Everything from the first line of the material below through the line containing "2л лейка в форме" is to be printed exactly, and nothing more.
:: ENTRIES SUPPLIED
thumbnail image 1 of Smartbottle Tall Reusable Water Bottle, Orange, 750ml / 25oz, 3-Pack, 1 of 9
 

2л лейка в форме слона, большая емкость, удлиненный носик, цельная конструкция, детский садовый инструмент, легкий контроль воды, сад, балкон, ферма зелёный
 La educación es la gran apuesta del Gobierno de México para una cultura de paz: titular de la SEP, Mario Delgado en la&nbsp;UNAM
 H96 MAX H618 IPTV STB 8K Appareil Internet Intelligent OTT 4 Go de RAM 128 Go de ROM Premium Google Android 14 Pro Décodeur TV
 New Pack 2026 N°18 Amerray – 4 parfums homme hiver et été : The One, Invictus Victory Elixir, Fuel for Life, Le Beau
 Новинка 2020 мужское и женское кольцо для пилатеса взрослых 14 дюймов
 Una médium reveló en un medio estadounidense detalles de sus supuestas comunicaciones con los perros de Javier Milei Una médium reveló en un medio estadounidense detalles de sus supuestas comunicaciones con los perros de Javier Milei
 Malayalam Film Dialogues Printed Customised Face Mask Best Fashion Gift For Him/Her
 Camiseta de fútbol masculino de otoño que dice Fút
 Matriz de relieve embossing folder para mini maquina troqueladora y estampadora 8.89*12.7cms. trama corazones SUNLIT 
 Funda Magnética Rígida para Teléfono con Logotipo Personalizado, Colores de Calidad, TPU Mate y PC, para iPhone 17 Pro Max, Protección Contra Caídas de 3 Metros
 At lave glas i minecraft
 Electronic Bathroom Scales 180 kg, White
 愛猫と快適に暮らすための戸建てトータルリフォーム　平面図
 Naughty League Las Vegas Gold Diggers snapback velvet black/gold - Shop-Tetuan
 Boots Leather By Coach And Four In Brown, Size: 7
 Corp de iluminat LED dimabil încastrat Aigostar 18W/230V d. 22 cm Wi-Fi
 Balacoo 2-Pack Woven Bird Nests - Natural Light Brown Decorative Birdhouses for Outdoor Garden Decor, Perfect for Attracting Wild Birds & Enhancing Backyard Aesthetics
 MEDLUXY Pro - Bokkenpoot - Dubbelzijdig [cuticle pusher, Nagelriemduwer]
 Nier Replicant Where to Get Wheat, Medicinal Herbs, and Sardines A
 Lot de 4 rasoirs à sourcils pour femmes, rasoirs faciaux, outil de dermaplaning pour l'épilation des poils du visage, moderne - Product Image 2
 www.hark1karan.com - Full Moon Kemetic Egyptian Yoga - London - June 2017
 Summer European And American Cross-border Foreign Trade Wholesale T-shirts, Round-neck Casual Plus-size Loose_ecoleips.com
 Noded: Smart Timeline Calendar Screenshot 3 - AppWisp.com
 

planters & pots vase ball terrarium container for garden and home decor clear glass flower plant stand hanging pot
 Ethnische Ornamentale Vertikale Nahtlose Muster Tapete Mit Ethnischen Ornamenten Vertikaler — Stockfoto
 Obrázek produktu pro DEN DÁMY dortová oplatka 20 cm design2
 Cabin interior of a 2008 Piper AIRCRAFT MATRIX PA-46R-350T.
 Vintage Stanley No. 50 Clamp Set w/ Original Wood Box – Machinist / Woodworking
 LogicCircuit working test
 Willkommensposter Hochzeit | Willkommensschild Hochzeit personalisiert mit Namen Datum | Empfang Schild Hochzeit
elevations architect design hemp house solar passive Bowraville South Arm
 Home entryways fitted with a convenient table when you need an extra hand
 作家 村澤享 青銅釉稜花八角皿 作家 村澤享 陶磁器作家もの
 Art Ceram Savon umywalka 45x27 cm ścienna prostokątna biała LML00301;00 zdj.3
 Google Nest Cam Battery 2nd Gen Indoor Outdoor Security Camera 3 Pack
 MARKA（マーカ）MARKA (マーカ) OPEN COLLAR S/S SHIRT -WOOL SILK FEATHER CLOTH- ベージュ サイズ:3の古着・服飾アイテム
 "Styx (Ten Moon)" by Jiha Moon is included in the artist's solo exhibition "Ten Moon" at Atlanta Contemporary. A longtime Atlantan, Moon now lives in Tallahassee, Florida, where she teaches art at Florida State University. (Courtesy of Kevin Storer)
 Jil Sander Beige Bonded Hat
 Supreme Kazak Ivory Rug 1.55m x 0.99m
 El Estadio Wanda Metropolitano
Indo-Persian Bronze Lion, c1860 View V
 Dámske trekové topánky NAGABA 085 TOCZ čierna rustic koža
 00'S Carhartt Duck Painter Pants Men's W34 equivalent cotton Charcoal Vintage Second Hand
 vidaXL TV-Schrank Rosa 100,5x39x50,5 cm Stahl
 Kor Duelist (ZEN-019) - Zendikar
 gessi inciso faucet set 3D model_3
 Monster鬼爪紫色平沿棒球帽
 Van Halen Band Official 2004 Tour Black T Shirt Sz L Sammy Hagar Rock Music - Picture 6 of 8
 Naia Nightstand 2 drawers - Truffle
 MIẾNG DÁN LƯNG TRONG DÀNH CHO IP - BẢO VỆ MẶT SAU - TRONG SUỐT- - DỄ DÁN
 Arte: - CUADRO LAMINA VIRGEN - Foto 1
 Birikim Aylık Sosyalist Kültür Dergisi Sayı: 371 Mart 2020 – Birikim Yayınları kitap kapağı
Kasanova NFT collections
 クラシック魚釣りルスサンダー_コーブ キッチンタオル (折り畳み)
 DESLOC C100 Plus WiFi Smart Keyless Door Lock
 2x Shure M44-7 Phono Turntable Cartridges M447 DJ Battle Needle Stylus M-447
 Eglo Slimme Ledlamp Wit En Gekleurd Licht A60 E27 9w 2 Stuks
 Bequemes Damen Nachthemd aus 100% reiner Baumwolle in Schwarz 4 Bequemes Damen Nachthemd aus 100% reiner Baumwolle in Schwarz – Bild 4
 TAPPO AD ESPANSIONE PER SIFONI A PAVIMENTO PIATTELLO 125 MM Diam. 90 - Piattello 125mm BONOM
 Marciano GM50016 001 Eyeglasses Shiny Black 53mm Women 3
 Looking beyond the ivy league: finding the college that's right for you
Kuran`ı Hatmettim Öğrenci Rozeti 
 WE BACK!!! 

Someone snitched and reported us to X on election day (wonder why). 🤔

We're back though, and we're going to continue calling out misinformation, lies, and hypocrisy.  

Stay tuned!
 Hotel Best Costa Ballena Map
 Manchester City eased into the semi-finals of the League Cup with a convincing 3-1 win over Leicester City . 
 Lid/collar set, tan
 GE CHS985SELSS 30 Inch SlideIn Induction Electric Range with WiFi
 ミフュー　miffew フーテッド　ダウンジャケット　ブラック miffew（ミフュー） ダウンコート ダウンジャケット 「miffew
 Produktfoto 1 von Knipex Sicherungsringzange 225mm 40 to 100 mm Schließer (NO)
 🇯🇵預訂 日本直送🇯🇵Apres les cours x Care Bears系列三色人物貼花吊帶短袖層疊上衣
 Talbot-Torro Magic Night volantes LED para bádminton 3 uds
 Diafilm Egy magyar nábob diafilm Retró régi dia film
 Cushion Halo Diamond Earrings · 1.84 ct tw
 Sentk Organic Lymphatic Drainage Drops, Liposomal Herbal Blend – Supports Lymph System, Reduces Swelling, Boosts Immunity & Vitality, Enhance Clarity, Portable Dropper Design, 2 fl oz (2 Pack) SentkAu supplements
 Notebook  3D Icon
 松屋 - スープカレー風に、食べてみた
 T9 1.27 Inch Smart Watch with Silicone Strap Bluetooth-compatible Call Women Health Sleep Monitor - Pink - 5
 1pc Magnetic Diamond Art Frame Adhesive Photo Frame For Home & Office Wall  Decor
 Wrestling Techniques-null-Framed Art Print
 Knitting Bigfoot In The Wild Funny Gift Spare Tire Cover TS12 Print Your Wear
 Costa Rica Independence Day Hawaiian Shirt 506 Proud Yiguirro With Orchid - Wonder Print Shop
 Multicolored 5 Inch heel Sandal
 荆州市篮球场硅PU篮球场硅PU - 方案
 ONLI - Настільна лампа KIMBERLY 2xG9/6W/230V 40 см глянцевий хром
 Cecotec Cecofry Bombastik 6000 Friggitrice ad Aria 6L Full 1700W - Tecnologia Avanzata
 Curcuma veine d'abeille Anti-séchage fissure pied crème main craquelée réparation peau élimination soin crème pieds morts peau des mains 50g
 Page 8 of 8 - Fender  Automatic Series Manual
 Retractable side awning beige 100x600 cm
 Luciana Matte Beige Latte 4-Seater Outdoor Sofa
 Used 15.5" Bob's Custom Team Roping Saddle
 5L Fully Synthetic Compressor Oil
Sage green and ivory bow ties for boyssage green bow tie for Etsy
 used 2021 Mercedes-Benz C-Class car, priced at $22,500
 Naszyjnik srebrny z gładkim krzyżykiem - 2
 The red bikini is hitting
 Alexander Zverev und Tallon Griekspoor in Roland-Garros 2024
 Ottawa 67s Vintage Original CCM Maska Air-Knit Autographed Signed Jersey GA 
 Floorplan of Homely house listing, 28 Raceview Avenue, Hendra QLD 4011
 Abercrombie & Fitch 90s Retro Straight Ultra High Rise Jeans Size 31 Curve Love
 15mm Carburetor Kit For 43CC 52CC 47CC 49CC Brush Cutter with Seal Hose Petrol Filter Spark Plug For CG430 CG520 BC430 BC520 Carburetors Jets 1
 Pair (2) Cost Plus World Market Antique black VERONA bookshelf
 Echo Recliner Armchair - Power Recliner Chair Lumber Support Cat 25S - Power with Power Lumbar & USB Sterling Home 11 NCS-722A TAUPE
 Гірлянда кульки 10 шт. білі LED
::::
__RESULT FOR THIS EXERCISE__:
thumbnail image 1 of Smartbottle Tall Reusable Water Bottle, Orange, 750ml / 25oz, 3-Pack, 1 of 9
 

2л лейка в форме слона, большая емкость, удлиненный носик, цельная конструкция, детский садовый инструмент, легкий контроль воды, сад, балкон, ферма зелёный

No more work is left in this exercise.